### [DATA RECORDS]
══════════════════════════════

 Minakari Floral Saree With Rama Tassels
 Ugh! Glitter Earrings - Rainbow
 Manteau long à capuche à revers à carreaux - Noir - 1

══════════════════════════════

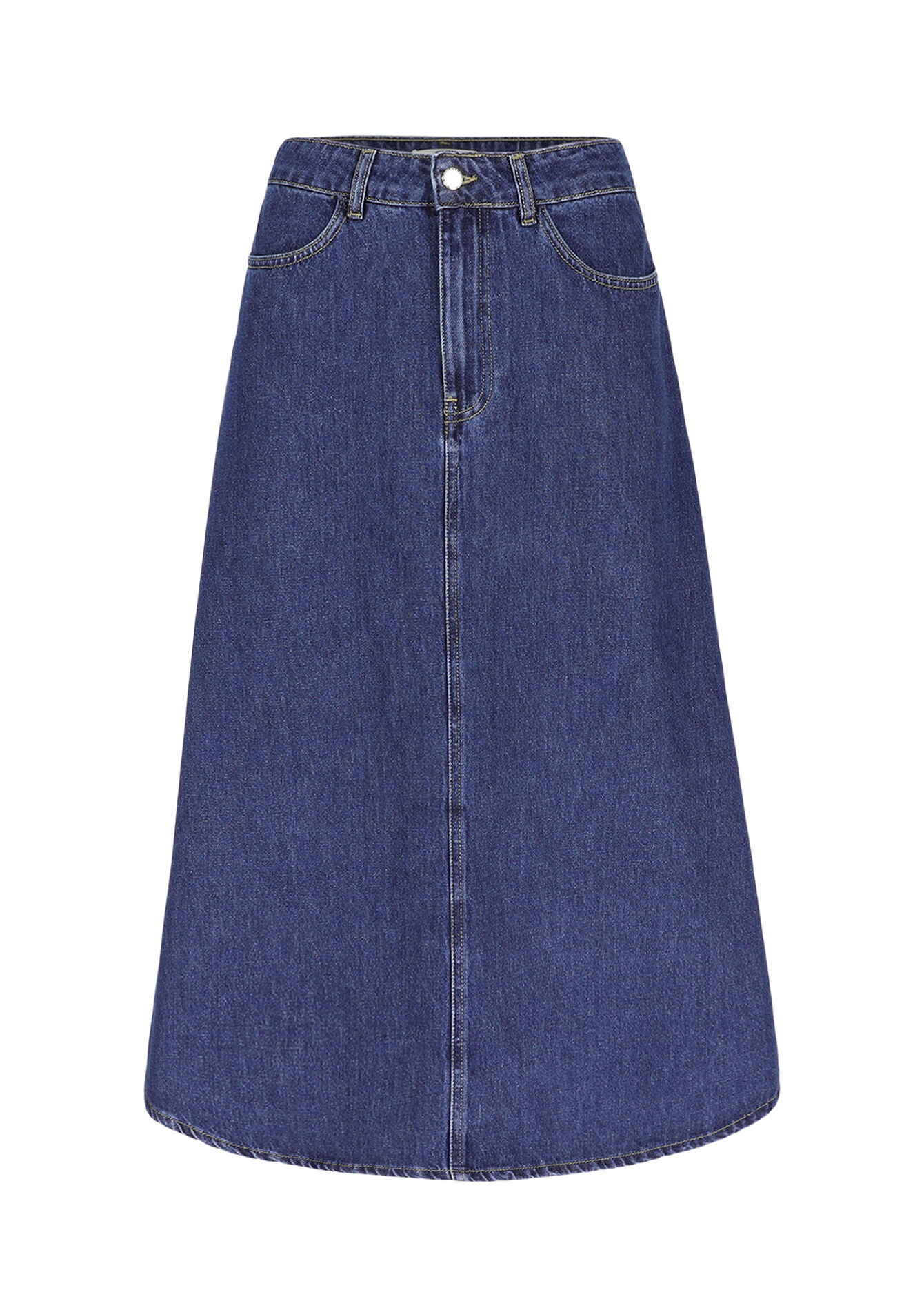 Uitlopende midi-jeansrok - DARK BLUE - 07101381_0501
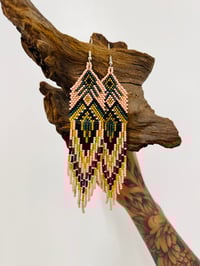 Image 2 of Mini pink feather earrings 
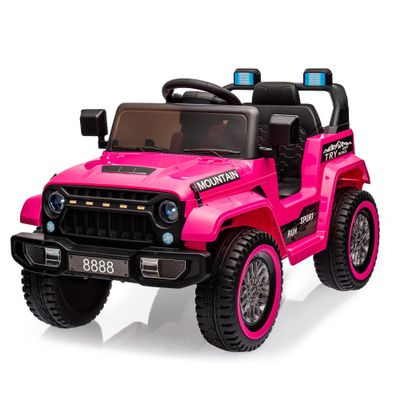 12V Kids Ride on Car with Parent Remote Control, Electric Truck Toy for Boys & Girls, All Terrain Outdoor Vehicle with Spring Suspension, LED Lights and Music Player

══════════════════════════════

### [WHAT YOU ARE ASKED TO DO]
Repeat, without pictures, exactly the lines of the data above from the one containing "Image 2 of Mini pink feather earrings" through the one containing "12V Kids Ride", including both and adding nothing.

### [TASK SOLUTION]
 Image 2 of Mini pink feather earrings 
 12V Kids Ride on Car with Parent Remote Control, Electric Truck Toy for Boys & Girls, All Terrain Outdoor Vehicle with Spring Suspension, LED Lights and Music Player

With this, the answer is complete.